Louise Turner didn’t always aspire to be a perfumer, but she followed her nose. “My family lived in Ashford in the U.K., just near a fragrance factory—the factory site was quite smelly,” she says. As fate would have it, she got a job in marketing research at the company by chance. “Only then I discovered the fascinating industry of perfumery. I was hooked.” She has since created over 30 perfumes, including MAISON MARTIN MARGIELA’s feminine floral fragrance, Lazy Sunday Morning. Here, Turner gives us the inside scoop on the life of a perfumer. Take note. RENEE TRILIVAS
What exactly does a nose do?
Somehow, a nose tries to create other people’s dream. I try to interpret what I think people want to smell like. The creations are always personal, but as I am working for people I do not know, the creations are very abstract. I create, and then I adjust and readjust according to what the customers want.
Where do you find inspiration for fragrances?
I find inspiration from many different places, but more in nature. The English country garden is an easy way to get inspired and I definitely love flowers. Nature has got something we do not do as well, in terms of diffusion, trails, blooming, etc. For example, I have a great honeysuckle in my garden and it smells fantastic. I still can’t manage to do a honeysuckle that I am satisfied with in perfumery! There’s always a challenge to do better. You need to be perfectionist.
What is the biggest challenge of a nose?
The success rate of a perfumer is very low: Only one creation out of ten is approved on average. My challenge is to stay equally motivated, despite the success or the failure of my creations. I cannot predict which projects will work and which won’t, so I put all my heart in everything I do, no matter what.

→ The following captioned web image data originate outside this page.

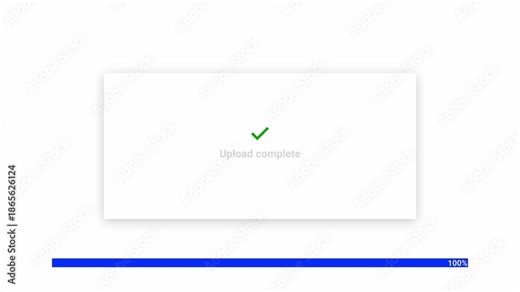 4K upload complete UI animation with background card, Upload Complete text, green check icon, and blue progress bar filling smoothly from 0 to 100 percent. Ideal for apps, software, and etc.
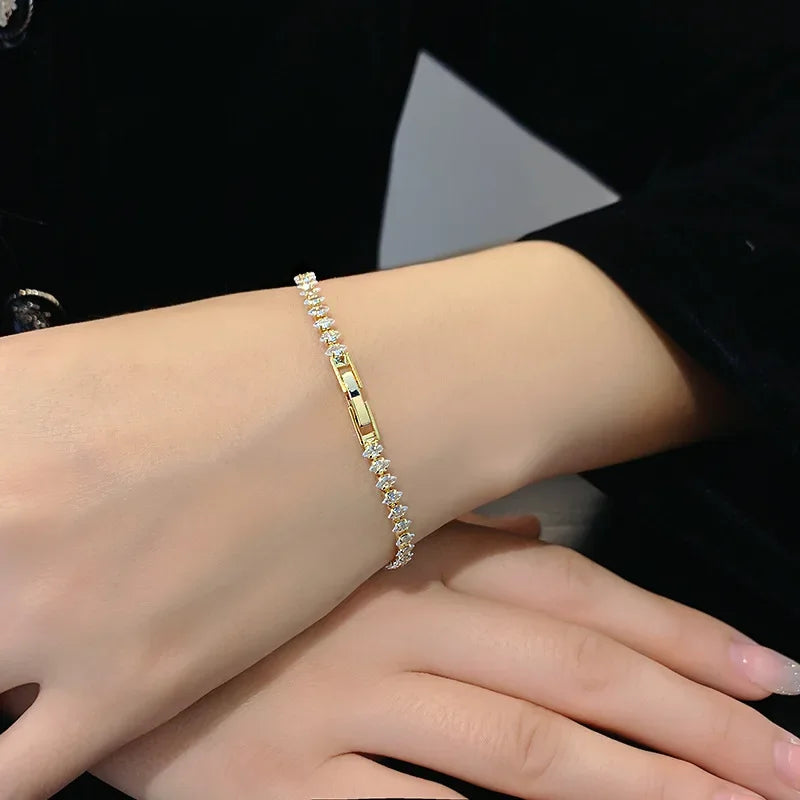 Luxury Roman Crystal Geometric Chain Bracelets for Women Trendy Goth Full Rhinestone Marquise Charm Bracelet Wed Jewelry Gift K's Collection Store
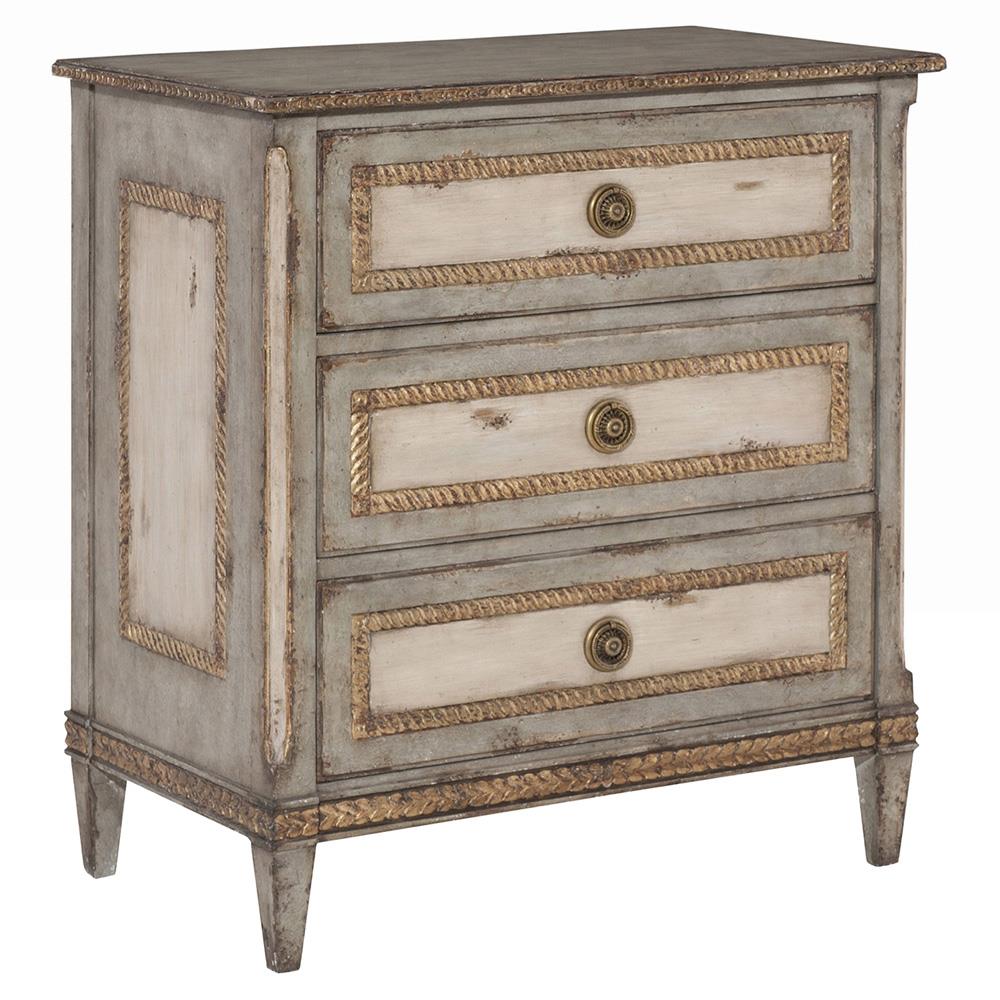 Century Corbett French Country Sage Green Wood Gold Accent 3 Drawer Nightstand|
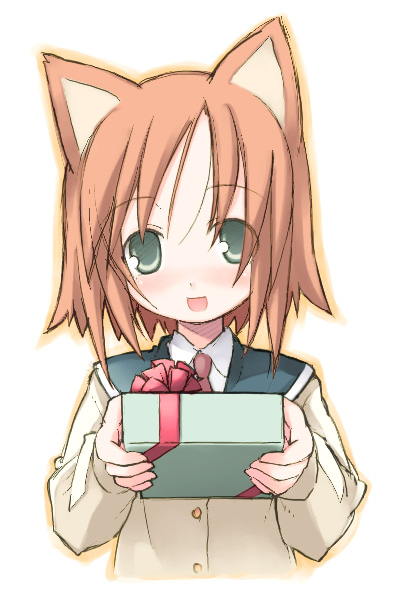 1girl, :d, animal_ears, blush, cat_ears, gift, green_eyes, head_tilt, holding, holding_gift, murata_mine, necktie, open_mouth, orange_hair, school_uniform, serafuku, smile, solo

What’s the best part of being a perfumer?
I think my favorite part is when I smell someone wearing my perfume in the street. I can get very proud! It is a real boost for me when someone has chosen to wear the perfume I created. Being a nose is a fantastic job. It is a tough environment, but the industry is fascinating.
Is creating a fragrance as romantic as it seems?
Perfumers have a lot of constraints with prices, regulations, and so on. Finally, the success rate is very low. But it doesn’t remove the dreamy aspect of being a nose. Hopefully, someone is going to fall in love with your perfume, and that is something almost magical to me.